Exercise ->
For this exercise, retype the lines from the one that holds "笔记本电脑怎么连wifi(以前的笔记本电脑怎么连wifi)" through the one that holds "Scottie Sectional" in the records below, both included, exactly and without pictures.

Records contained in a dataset

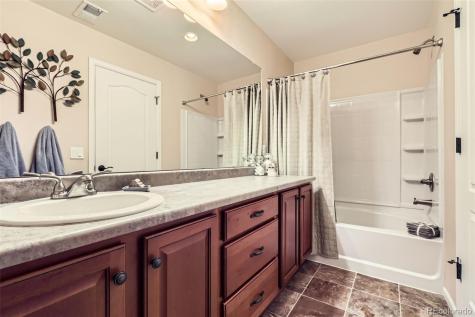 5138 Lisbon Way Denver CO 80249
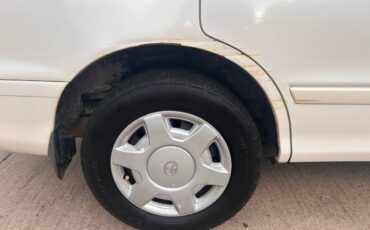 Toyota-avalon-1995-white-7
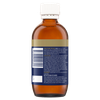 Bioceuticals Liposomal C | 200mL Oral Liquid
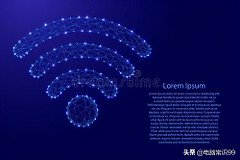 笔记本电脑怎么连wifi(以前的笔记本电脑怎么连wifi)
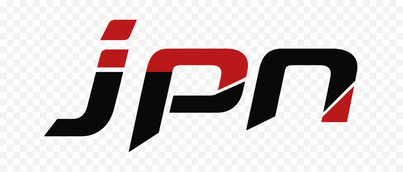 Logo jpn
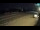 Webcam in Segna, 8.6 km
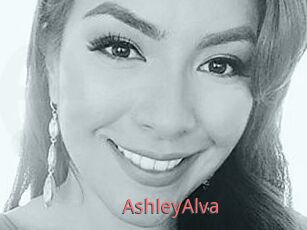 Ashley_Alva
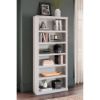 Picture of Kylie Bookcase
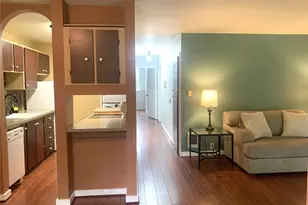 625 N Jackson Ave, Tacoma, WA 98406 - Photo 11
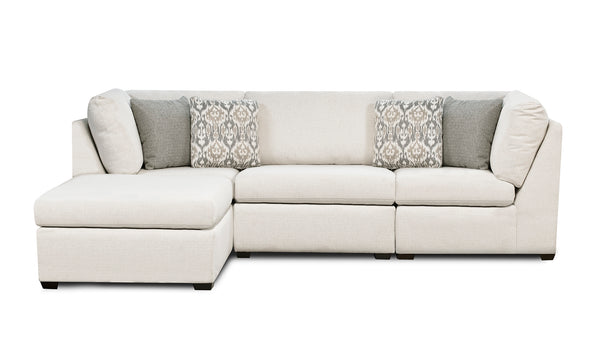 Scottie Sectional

==

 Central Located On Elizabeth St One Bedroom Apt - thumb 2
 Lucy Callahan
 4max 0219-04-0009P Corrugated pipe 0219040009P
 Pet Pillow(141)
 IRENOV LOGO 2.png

Output of the task ->
 笔记本电脑怎么连wifi(以前的笔记本电脑怎么连wifi)
 Logo jpn
 Webcam in Segna, 8.6 km
 Ashley_Alva
 Picture of Kylie Bookcase
 625 N Jackson Ave, Tacoma, WA 98406 - Photo 11
 Scottie Sectional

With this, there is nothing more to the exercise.